** To do **
Please copy, word for word, the line holding "this 880×495 image." and each line that follows it through the end of the entries, omitting any pictures.

(Stored items)
>>>>

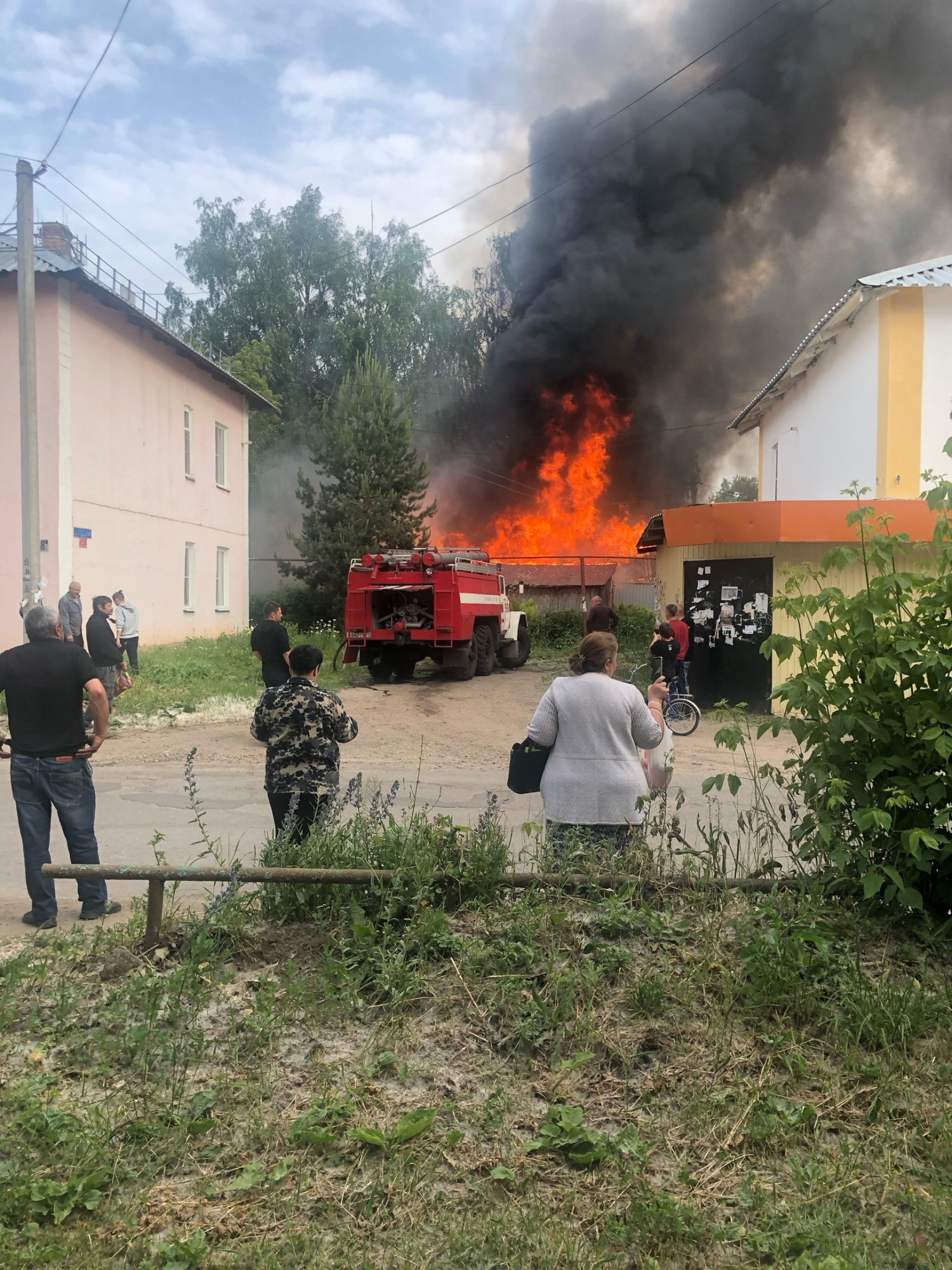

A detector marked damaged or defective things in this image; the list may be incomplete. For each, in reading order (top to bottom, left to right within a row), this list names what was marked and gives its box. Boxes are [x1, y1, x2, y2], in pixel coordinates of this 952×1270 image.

rusty pipe barrier [44, 869, 807, 950]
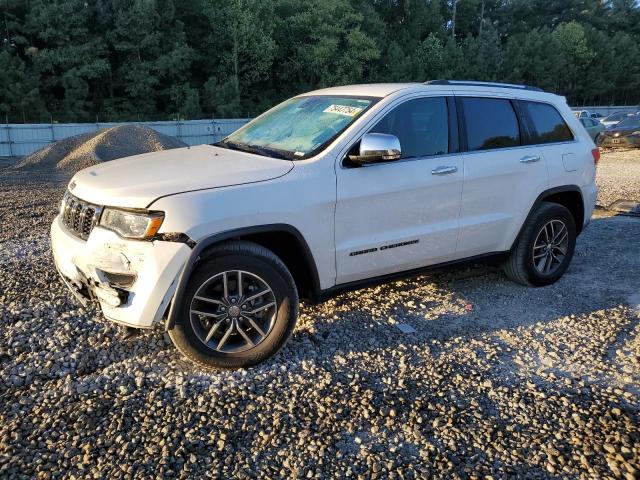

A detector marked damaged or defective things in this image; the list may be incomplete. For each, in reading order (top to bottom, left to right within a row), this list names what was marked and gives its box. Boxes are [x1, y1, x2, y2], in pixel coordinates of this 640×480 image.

front bumper damage [50, 216, 190, 328]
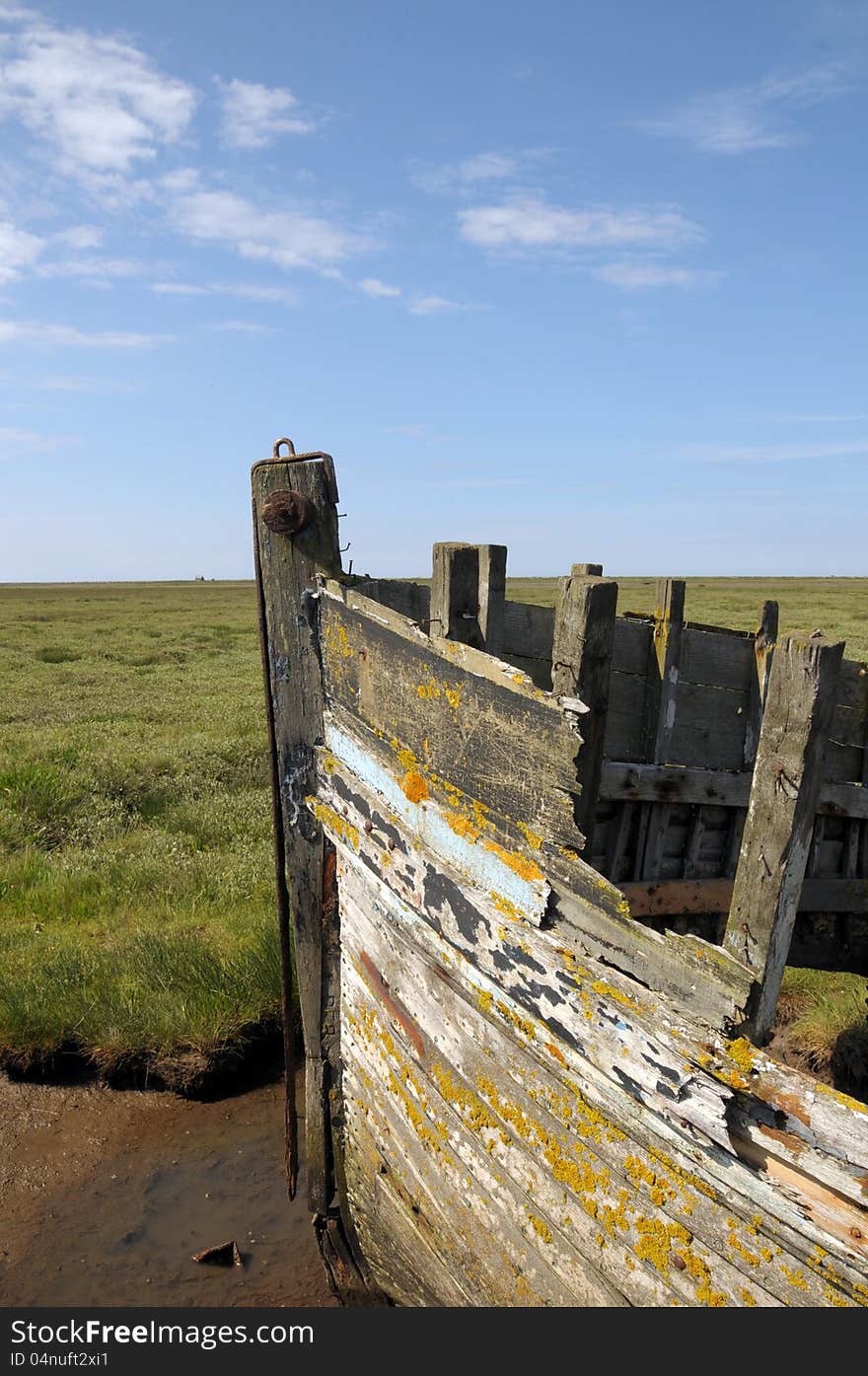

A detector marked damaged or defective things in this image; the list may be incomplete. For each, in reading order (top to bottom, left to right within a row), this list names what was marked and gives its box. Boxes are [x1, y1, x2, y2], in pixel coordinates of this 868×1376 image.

rusty bolt head [260, 489, 316, 537]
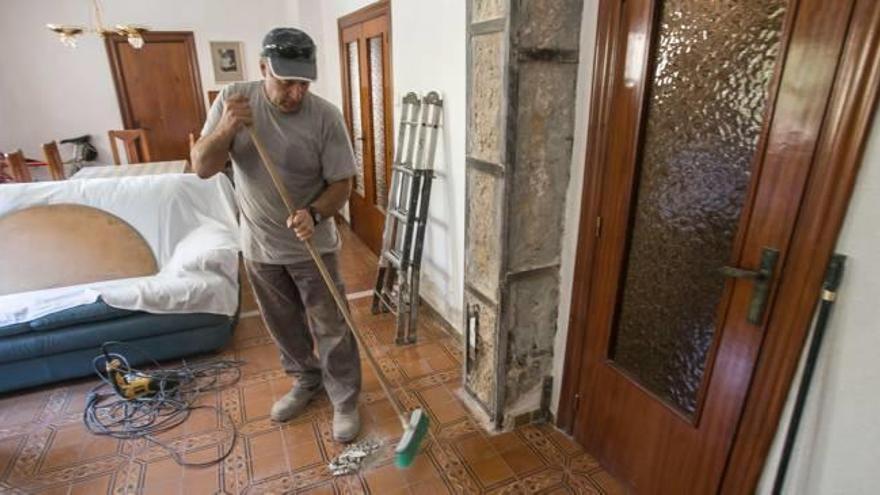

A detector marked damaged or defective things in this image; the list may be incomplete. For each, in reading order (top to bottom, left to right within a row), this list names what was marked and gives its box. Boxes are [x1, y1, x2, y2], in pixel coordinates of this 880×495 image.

damaged wall [464, 0, 580, 428]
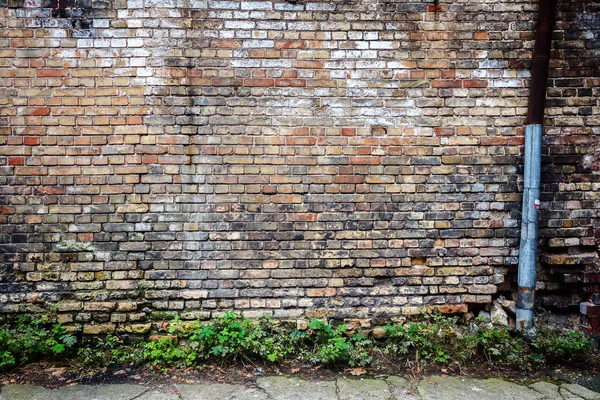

<<<<

** Exercise output **
A detector marked damaged or defective things in this image; the list may be incomplete. For each, in reading order (top to bottom, left to right within a row), this list names what was marked and gives its box. Boxes are [x1, y1, x2, y2], in pixel coordinates of this 880×495 image.

damaged wall [464, 0, 580, 428]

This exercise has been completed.